Saffron Gossman, one of the demonstration organizers, said students are open to working with staff on short-term solutions, such as staggered start times for students. “I personally think it would make it less chaotic than it is now,” she said. “I think they’re doing their best to support us and show they’re supporting us, but there’s only so much that we can do this year.”
Adding support on busy bus routes
Miller responded to reports that students on some buses have been sitting three to a seat. Reports of students sitting in the aisles are unfounded, she said.
“We have extra buses for overages,” Miller said. “We did not have students sitting on floors of buses but did have three to a seat on one bus, and our transportation department is providing support on that route.”
Miller says administrators have driven through parking lots and side streets to assess traffic flow “and our students managed safely.”
Keeping the protest positive
Organizers want to be clear Friday’s demonstration isn’t an attack on the school, staff or other students.
“South Kitsap High School is a really great community,” Conte said. “We have a lot of really great teachers. We have an amazing administration staff.

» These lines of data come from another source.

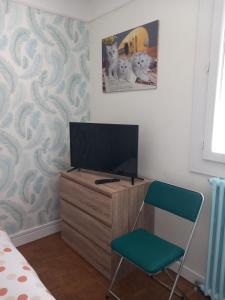 a bedroom with a tv on a dresser and a chair at Les Cyclamens in Cosne-Cours-sur-Loire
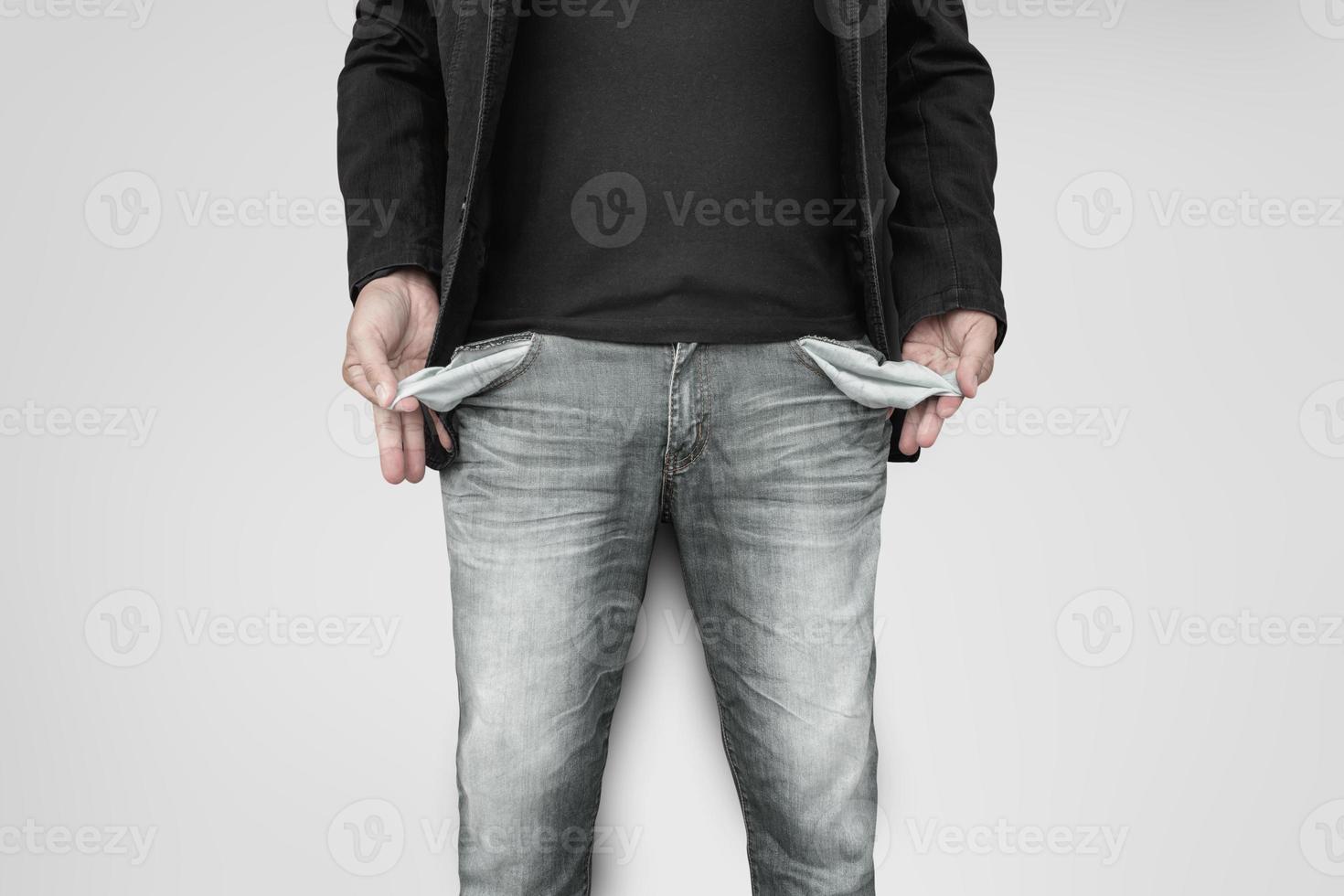 Man showing his empty pockets on gray wall background. photo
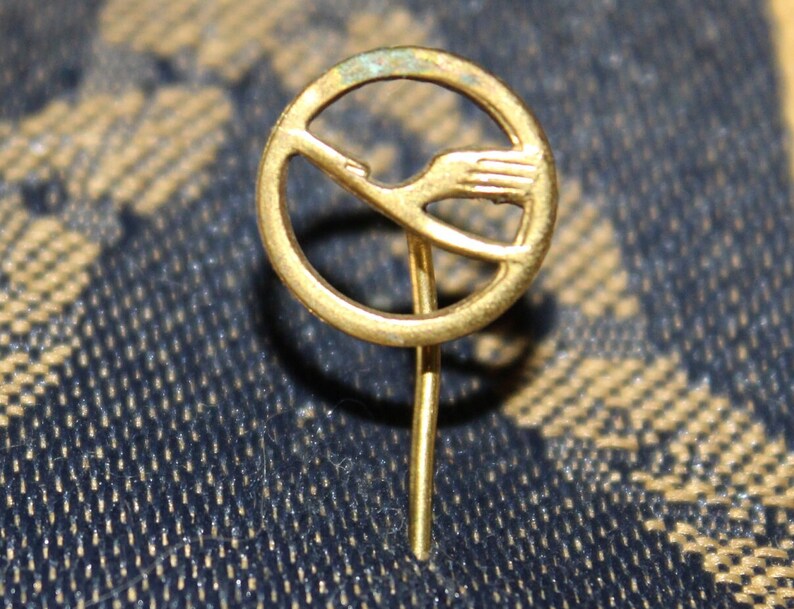 May include: A gold-colored pin with a stylized bird design inside a circle. The pin has a long, thin stem.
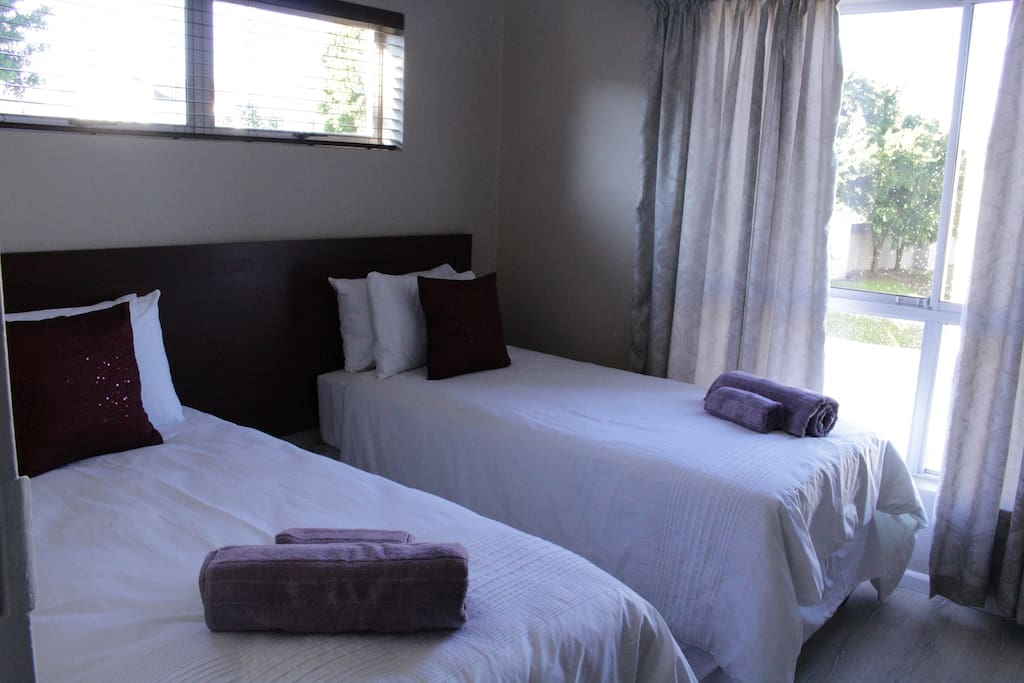 Second bedroom with very good quality beds, wall fan and dark wood built-in cupboards.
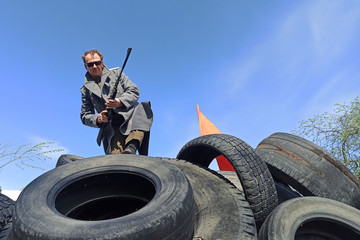 armed fighter with firearms on barricades of car tires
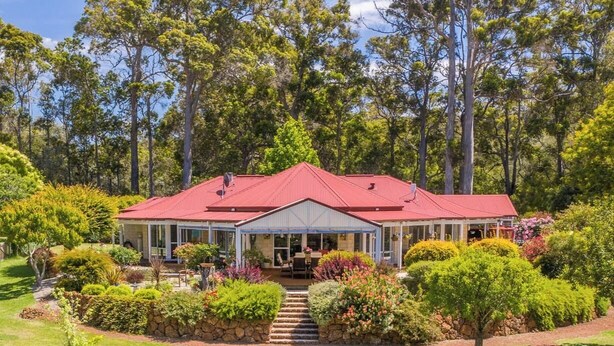 A house with a red roof, surrounded by lush greenery and trees. - Twin Gums: Large family home, beautiful gardens on banks of Denmark River (Denmark)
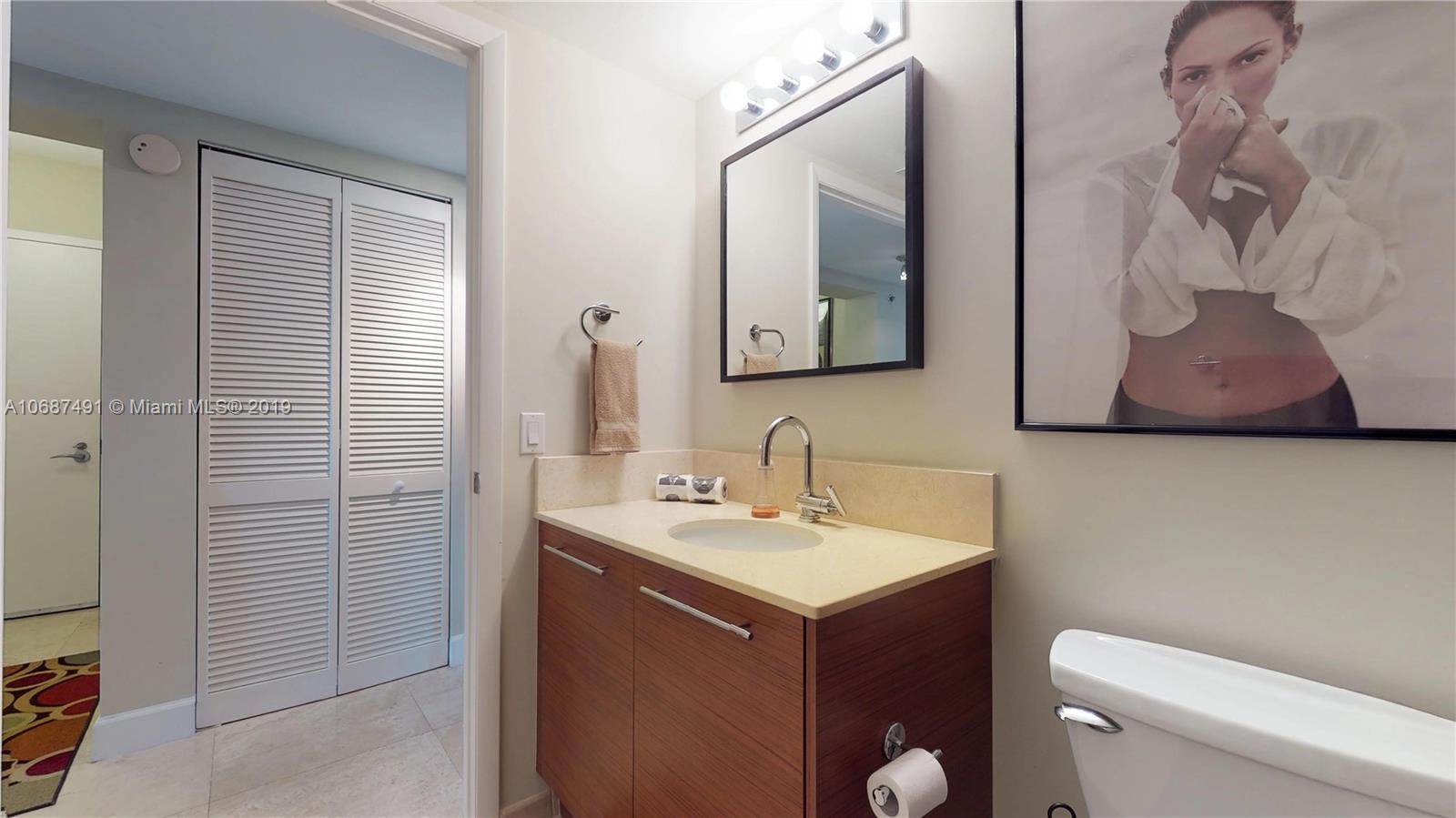 2641 North Flamingo Road, Unit 1401N Plantation, FL 33323 - Photo 42 of 49 a bathroom with a toilet sink and mirror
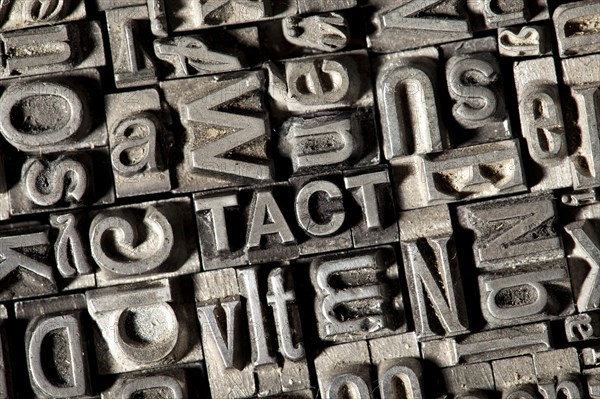 Old lead letters forming the word TACT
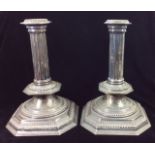 A PAIR OF VICTORIAN SILVER CANDLESTICKS Classical reeded column on an octagonal base, after a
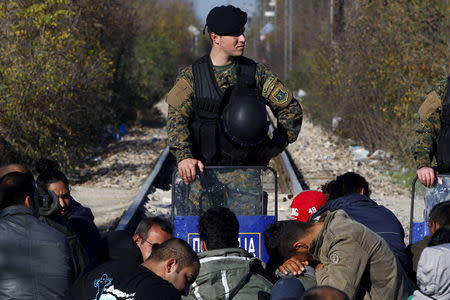 Migrants wait on the Greek side of the border with Macedonia as a Macedonian policeman stands guard on the Macedonian side, near the Greek village of Idomeni, November 19, 2015. REUTERS/Alexandros Avramidis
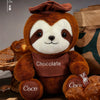 A brown sloth plush toy with white markings and a chocolate-colored chest, sitting on a wooden surface.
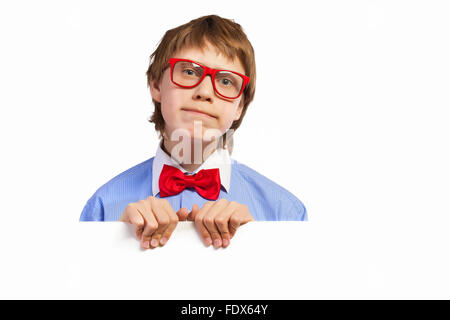 Image of confused boy holding white square. Place for advertisement Stock Photo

Our custodial staff works incredibly hard. They have to clean up after 2,800 students, more this year than last year.
“We have a very active student body. We shine in light of all the extenuating circumstances with the crowding.”
Conte said his beef is with voters who have turned down multiple bonds for a second high school since the 1990s, including three since the start of 2016. He says he feels “disenfranchised” by the lack of support that signals, although the most recent three bonds failed to meet the required 60 percent approval by narrow margins. Conte supports removing the super-majority requirement for bonds.
“We are doing our best, but we’re struggling right now,” Conte said. “I feel like in light of all these issues, we are still prospering as a community and as a school. But I feel like voters in this community, they don’t have a vested interest in the students and in our future. … We are the future of this community, and right now that future is not looking very good.”
District officials support students' right to free speech but with an eye to maintaining safety.
"Students have a right to express themselves," South Kitsap Superintendent Karst Brandsma said. "It becomes an educational opportunity for the school and students when done appropriately. The district has a responsibility to ensure that school is safe and orderly. So the lens we look through would be a substantial disruption of the school environment and anything that might invade the rights of others."